--- THE RECORDS ---
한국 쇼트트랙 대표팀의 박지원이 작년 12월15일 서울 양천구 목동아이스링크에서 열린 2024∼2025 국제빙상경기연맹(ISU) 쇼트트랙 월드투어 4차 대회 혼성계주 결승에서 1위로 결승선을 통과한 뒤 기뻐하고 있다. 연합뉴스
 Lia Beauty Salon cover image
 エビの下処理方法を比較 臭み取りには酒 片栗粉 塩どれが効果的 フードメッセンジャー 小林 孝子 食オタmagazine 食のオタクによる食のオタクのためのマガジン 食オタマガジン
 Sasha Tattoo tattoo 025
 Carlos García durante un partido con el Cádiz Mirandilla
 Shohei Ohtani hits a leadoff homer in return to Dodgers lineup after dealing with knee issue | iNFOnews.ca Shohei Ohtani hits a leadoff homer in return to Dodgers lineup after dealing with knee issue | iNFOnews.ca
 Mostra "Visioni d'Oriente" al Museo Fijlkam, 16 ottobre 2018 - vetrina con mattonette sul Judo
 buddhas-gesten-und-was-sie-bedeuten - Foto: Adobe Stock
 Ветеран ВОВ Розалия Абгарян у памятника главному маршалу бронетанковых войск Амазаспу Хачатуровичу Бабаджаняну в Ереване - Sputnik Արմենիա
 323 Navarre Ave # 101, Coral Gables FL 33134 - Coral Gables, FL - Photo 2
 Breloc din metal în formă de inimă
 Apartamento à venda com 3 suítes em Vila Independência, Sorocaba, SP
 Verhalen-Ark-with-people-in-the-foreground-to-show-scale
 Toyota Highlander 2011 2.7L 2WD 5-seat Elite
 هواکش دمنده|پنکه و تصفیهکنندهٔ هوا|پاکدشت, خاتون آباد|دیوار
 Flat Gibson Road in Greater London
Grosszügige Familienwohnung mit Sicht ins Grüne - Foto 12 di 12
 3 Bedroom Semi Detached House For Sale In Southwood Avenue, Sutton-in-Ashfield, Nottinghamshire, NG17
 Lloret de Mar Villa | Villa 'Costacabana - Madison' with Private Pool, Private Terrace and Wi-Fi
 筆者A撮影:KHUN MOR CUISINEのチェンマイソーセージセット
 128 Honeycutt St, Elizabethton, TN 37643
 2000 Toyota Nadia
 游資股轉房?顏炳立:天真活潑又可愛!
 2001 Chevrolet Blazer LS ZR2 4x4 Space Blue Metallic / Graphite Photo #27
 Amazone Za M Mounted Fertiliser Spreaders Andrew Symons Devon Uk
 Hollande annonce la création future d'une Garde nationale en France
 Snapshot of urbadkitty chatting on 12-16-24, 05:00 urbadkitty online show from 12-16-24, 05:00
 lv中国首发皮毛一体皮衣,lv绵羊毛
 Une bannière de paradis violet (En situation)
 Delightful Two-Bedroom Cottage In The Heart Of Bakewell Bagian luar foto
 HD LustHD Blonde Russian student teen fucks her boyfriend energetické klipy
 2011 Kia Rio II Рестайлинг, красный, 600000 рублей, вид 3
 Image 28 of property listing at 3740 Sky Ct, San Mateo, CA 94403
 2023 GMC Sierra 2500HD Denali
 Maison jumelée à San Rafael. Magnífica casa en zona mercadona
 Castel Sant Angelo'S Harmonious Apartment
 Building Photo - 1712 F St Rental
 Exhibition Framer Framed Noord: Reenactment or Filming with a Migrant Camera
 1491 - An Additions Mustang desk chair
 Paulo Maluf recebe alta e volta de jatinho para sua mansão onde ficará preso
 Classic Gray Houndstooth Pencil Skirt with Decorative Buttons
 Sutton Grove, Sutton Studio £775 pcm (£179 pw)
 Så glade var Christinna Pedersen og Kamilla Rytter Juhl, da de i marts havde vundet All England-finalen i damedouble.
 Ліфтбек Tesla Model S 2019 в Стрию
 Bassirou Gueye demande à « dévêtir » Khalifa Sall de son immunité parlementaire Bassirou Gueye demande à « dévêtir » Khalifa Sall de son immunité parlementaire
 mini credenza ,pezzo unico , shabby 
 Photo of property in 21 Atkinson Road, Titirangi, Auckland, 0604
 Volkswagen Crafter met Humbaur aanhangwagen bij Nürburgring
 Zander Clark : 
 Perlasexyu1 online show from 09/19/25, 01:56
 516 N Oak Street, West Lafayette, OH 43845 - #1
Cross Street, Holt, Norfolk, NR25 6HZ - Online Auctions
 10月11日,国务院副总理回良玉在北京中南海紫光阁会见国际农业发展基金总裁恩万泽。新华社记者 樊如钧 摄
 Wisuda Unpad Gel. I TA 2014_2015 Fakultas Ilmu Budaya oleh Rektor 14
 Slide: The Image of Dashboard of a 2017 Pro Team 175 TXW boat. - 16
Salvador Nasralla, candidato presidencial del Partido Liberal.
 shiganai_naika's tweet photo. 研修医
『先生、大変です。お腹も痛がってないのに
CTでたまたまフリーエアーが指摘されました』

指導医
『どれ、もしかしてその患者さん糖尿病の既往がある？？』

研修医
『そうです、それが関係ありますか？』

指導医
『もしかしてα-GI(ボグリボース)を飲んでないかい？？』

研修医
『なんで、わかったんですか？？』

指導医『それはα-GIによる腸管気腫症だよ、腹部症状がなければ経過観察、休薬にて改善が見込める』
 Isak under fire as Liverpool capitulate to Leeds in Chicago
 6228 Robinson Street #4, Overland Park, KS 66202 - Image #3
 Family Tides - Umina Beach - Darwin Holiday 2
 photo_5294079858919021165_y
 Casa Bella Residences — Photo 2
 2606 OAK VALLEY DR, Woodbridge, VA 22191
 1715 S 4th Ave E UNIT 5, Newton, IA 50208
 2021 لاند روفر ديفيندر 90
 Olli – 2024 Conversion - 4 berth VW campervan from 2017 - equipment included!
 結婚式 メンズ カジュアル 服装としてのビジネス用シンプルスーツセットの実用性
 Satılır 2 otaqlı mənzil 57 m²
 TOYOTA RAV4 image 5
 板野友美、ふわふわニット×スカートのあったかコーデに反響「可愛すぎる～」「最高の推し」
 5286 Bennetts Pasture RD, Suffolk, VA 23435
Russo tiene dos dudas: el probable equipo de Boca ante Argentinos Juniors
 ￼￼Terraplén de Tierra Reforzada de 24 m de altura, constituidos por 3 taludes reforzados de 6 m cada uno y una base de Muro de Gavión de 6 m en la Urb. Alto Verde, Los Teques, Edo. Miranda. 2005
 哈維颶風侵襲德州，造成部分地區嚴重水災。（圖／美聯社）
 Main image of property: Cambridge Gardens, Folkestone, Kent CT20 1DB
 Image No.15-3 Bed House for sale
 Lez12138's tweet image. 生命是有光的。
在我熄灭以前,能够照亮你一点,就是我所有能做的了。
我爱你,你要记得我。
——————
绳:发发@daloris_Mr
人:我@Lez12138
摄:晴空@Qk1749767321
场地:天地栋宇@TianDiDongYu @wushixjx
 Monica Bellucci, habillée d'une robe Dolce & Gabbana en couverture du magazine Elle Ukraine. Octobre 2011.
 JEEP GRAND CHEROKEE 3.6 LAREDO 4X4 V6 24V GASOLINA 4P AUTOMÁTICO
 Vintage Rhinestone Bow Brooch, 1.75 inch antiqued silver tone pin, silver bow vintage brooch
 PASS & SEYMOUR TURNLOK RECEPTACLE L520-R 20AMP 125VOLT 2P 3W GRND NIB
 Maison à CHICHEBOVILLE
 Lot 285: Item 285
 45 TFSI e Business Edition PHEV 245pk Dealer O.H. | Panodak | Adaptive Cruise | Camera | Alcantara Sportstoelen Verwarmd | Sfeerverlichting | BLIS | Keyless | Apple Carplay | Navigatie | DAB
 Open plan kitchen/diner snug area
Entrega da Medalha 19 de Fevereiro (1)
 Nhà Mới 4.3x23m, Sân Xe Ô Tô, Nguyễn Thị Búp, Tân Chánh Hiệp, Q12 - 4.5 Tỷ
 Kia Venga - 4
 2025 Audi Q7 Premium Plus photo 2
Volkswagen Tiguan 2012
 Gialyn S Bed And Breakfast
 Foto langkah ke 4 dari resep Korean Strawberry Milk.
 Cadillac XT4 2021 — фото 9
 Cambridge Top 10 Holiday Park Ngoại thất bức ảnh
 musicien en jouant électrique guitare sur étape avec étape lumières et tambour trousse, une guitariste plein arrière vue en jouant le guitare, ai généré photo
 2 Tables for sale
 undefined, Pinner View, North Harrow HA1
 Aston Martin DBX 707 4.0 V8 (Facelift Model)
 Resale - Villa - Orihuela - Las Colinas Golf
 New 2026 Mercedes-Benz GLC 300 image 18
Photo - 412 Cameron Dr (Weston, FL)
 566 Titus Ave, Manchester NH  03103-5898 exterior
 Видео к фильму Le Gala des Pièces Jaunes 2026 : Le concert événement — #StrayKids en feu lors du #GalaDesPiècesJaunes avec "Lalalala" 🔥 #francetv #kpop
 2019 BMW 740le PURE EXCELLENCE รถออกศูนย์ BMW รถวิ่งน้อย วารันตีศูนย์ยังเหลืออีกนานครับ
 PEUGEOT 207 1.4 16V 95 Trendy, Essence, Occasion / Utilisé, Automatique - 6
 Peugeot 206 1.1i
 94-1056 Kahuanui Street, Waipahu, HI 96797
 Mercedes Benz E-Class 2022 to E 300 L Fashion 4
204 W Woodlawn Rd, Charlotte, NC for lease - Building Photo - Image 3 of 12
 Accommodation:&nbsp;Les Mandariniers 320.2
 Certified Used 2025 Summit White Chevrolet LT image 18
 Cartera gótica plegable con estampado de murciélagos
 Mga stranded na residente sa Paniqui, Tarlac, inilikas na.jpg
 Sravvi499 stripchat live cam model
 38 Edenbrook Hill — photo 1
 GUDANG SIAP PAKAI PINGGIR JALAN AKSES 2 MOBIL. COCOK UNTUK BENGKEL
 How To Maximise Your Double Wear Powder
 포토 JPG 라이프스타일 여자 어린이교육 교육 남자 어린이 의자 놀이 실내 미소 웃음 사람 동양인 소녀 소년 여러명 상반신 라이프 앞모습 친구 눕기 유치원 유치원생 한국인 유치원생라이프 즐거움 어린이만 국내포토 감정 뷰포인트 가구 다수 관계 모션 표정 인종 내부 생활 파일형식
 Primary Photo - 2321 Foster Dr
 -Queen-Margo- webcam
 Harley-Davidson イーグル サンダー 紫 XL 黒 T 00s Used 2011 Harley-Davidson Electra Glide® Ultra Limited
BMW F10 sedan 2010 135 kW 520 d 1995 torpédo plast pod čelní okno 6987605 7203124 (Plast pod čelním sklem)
---
# TO DO
From the records above, repeat exactly the lines from the one with "Carlos García durante" through the one with "Breloc din metal în formă de inimă", both included.

# EXERCISE RESPONSE
 Carlos García durante un partido con el Cádiz Mirandilla
 Shohei Ohtani hits a leadoff homer in return to Dodgers lineup after dealing with knee issue | iNFOnews.ca Shohei Ohtani hits a leadoff homer in return to Dodgers lineup after dealing with knee issue | iNFOnews.ca
 Mostra "Visioni d'Oriente" al Museo Fijlkam, 16 ottobre 2018 - vetrina con mattonette sul Judo
 buddhas-gesten-und-was-sie-bedeuten - Foto: Adobe Stock
 Ветеран ВОВ Розалия Абгарян у памятника главному маршалу бронетанковых войск Амазаспу Хачатуровичу Бабаджаняну в Ереване - Sputnik Արմենիա
 323 Navarre Ave # 101, Coral Gables FL 33134 - Coral Gables, FL - Photo 2
 Breloc din metal în formă de inimă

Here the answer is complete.